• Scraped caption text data
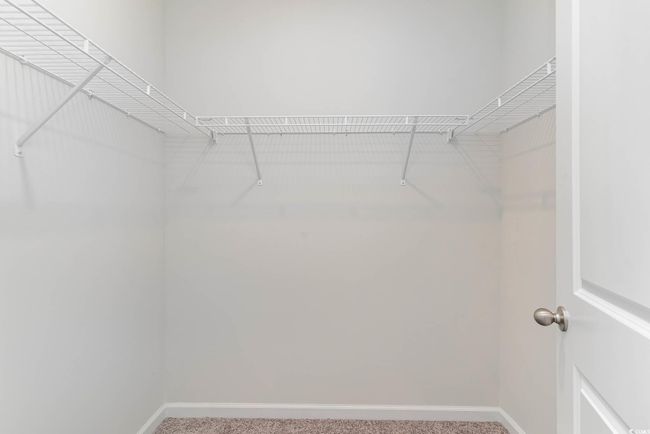 Spacious closet with carpet | Image 14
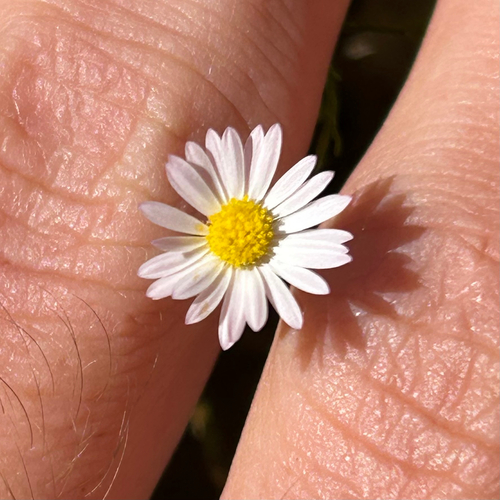 Image of Erigeron sionis by (c) Elliott Gordon, some rights reserved (CC BY)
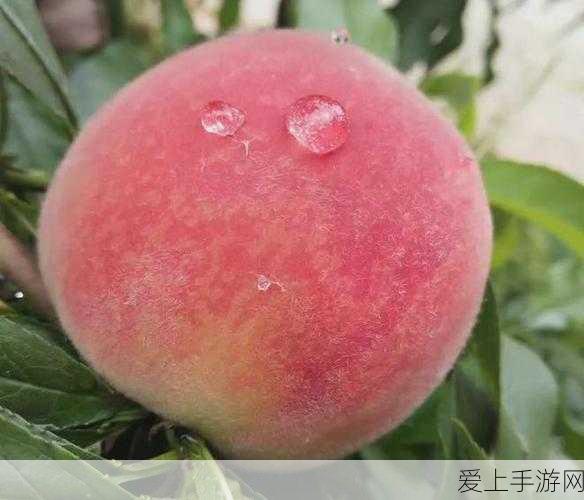 航海王热血航线深度攻略，解锁白色贝雷帽训练任务全技巧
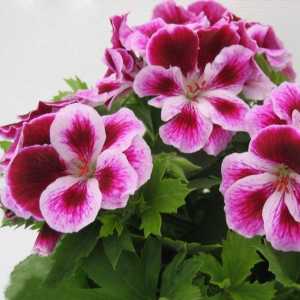 Uzgoj Pelargonium iz sjemena kod kuće: Upute i savjeti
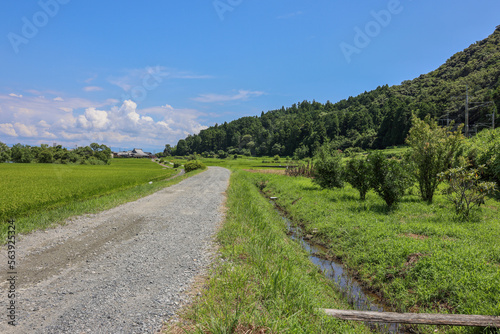 滋賀観光 琵琶湖側の田圃風景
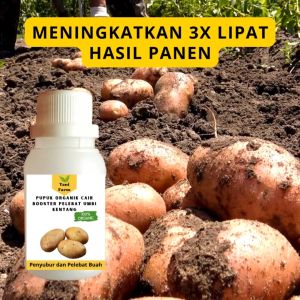 Pupuk Kentang Cepat Berbuah & Pelebat Kentang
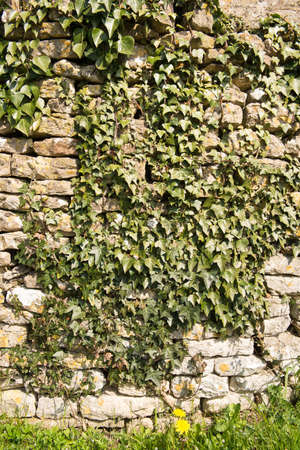 Old stone wall over grown with Ivyの写真素材
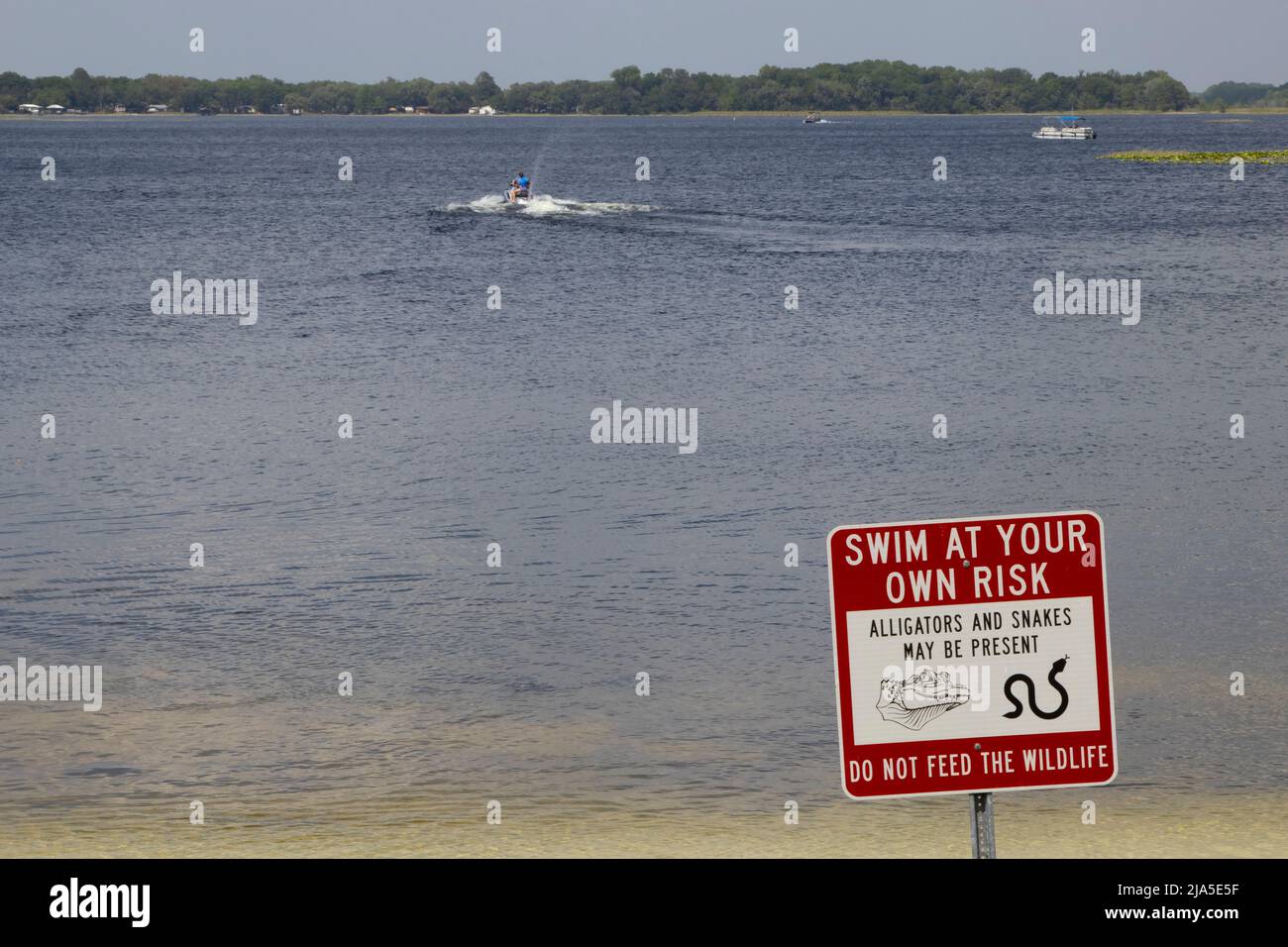 Warning sign at a Florida lake: Swim At Your Own Risk, Alligators and Snakes May Be Present Stock Photo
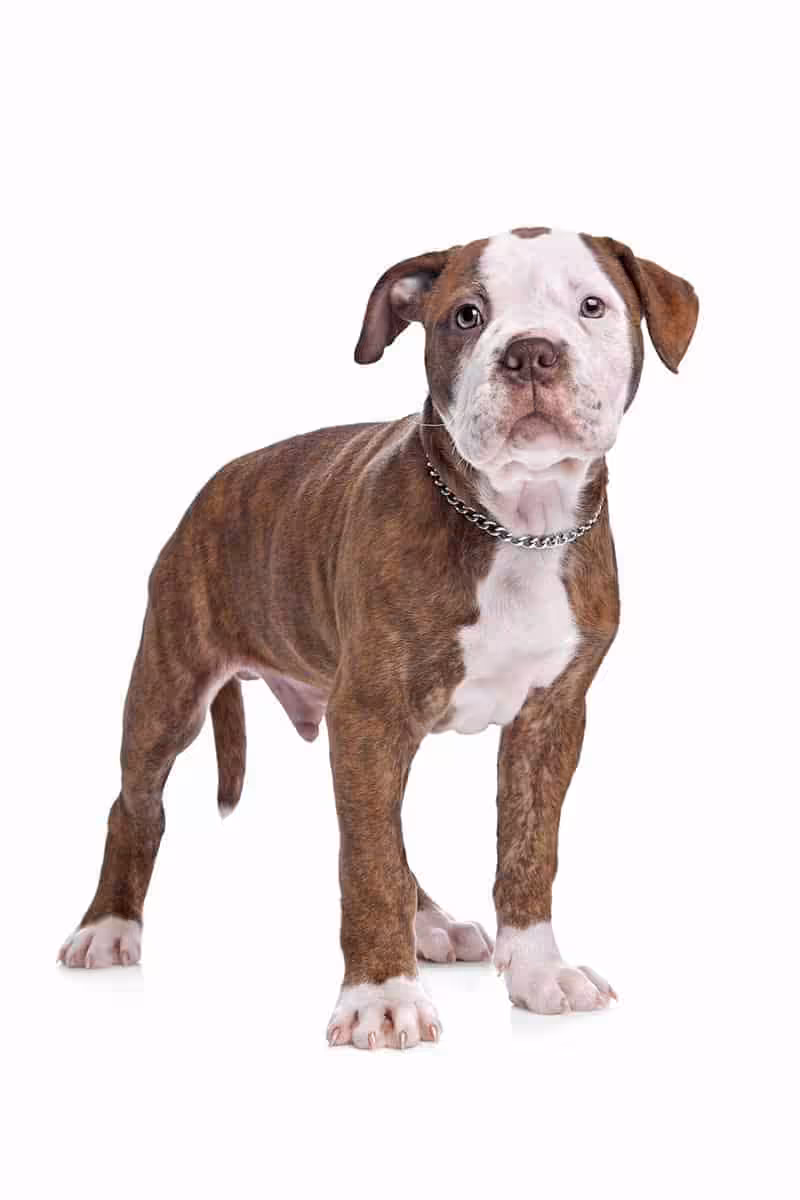 Buldog amerykański szczeniak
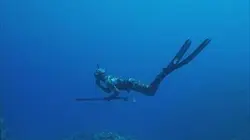 Visuel de Trois nuances de bleu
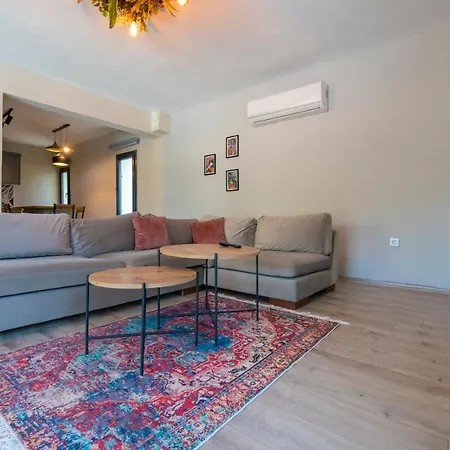 别墅 Eroglu 费特希耶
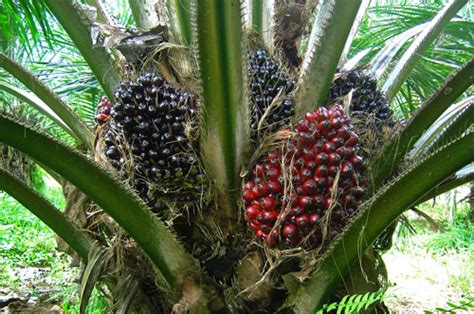 Plantations International Palm Oil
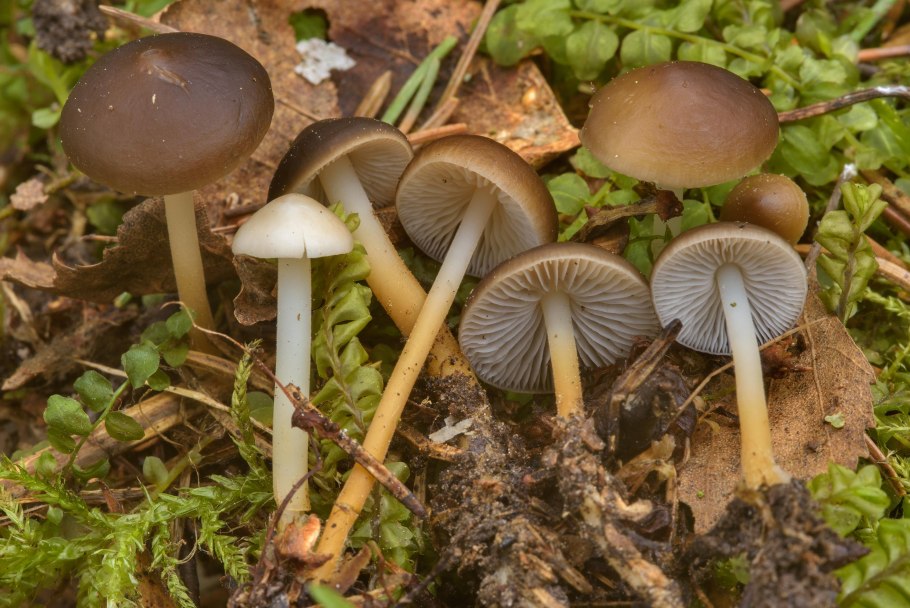 Стробилюрус съедобный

• ASSIGNMENT
Using the data above, write out every line exactly, leaving the images behind.

• ANSWER TO THE EXERCISE
 Spacious closet with carpet | Image 14
 Image of Erigeron sionis by (c) Elliott Gordon, some rights reserved (CC BY)
 航海王热血航线深度攻略，解锁白色贝雷帽训练任务全技巧
 Uzgoj Pelargonium iz sjemena kod kuće: Upute i savjeti
 滋賀観光 琵琶湖側の田圃風景
 Pupuk Kentang Cepat Berbuah & Pelebat Kentang
 Old stone wall over grown with Ivyの写真素材
 Warning sign at a Florida lake: Swim At Your Own Risk, Alligators and Snakes May Be Present Stock Photo
 Buldog amerykański szczeniak
 Visuel de Trois nuances de bleu
 别墅 Eroglu 费特希耶
 Plantations International Palm Oil
 Стробилюрус съедобный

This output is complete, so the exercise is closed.